Data provided Block Start
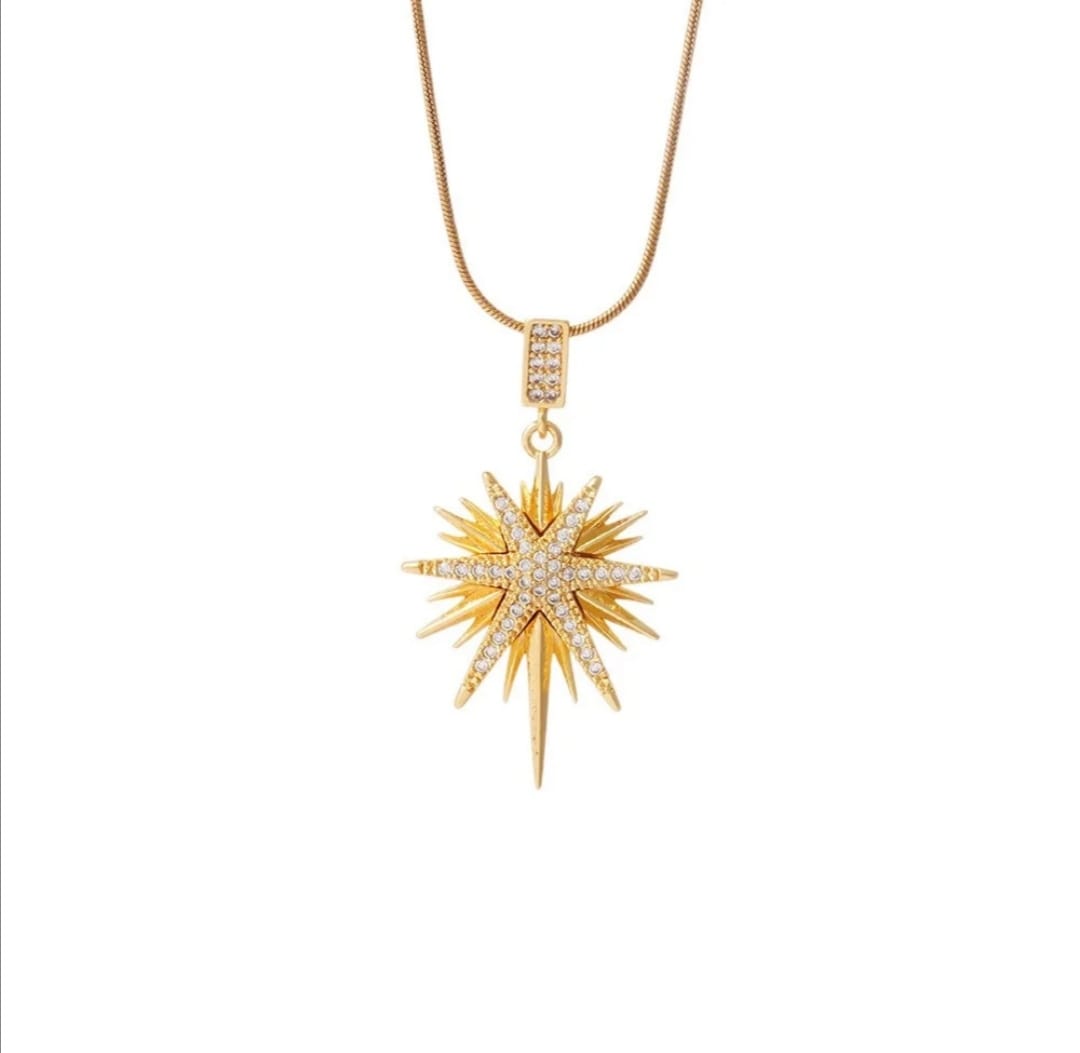 SUNFLOWER PENDANT NECKLACE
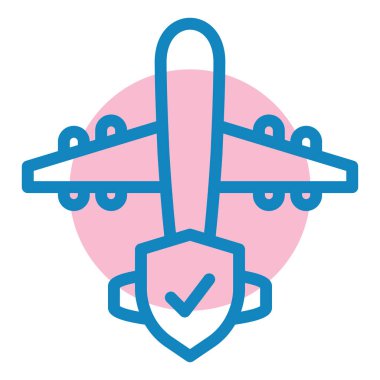 Uçak. Web simgesi basit illüstrasyon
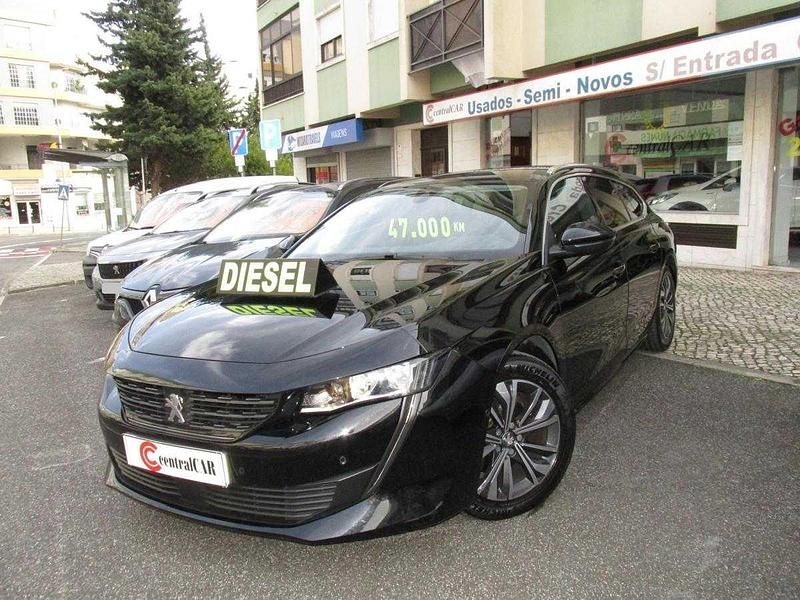 Usado Peugeot 508 SW 130 HP (95 kW) 2019 Preto Carrinha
Data provided Block End
**Work required:** Make an exact printout of the listing above, omitting the images.

**Exercise response:**
 SUNFLOWER PENDANT NECKLACE
 Uçak. Web simgesi basit illüstrasyon
 Usado Peugeot 508 SW 130 HP (95 kW) 2019 Preto Carrinha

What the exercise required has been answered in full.